HTMLpurifier remove cc email between tags

35 Views Asked by At

I'm using HTMLpurifier to sanitize inputs in my PHP application:

I have CC and BCC inputs something like:

Test Admin <[email protected]>

when I do purify this string, it only keeps: Test Admin (without email between tags)

Please advise!

1

There are 1 best solutions below

0
pinkgothic On

This probably means you've got an escaping issue somewhere in your pipeline before HTML Purifier - something that's putting E-Mail text into an HTML context without HTML escaping it.
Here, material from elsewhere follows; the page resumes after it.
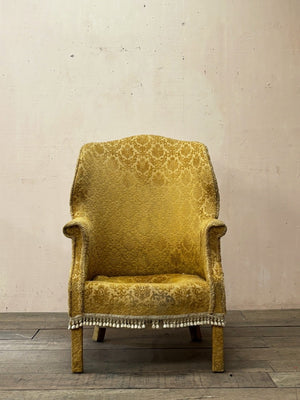 Cut velvet wing armchair 'as is'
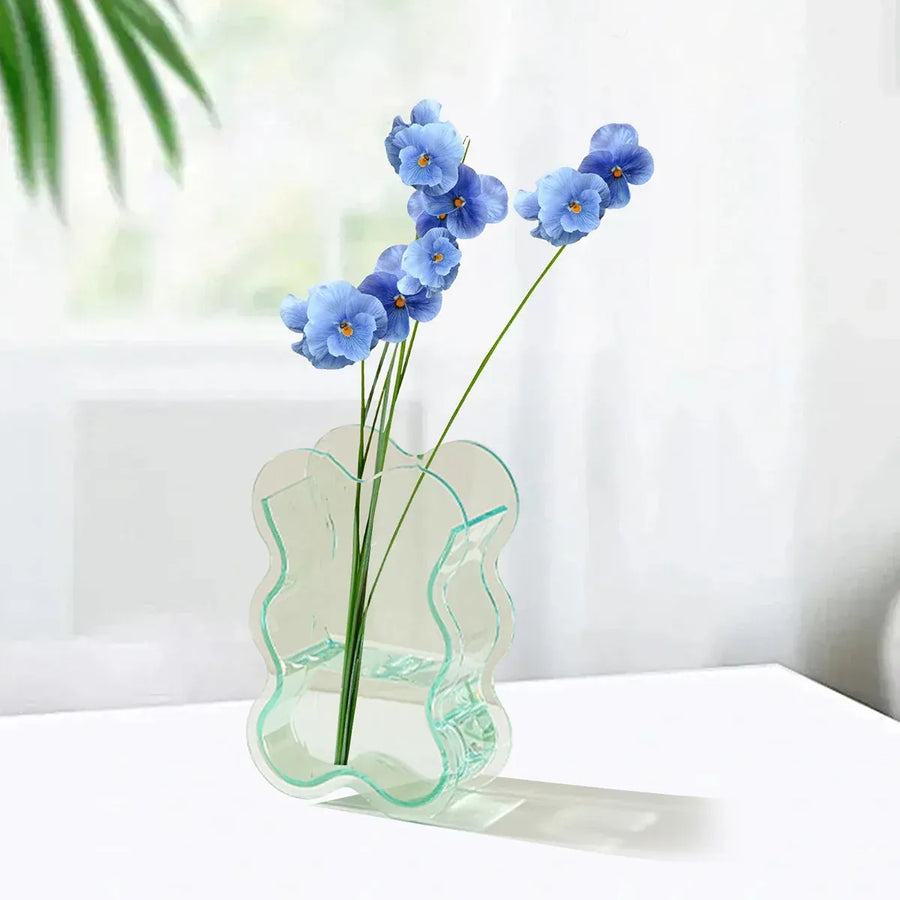 Creative Transparent Acrylic Vase Flower Ornament Dried Floral Display Tank - Yellow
HTML you need to purify that looks like this:

<p><label for "id">Email</label><span id="email">Test Admin <[email protected]></span></p>

...should really look like this:

<p><label for "id">Email</label><span id="email">Test Admin &lt;[email protected]&gt;</span></p>

If you have no control over the step that's inserting data into the HTML you ultimately want to purify before displaying, you can use this to preprocess your HTML before feeding it to HTML Purifier:

$htmlWithEmail = preg_replace('/<([^<>@]*@[^<>@]*)>/', '&lt;${1}&gt;', $htmlWithEmail);

On the other hand - and I mention this because I know only a little bit about your use-case right now - if you're not actually trying to preserve HTML, if the string you're purifying is literally just Test Admin <[email protected]> with nothing else (unlike the example I crafted above), htmlspecialchars() should be your weapon of choice when outputting into HTML, not HTML Purifier.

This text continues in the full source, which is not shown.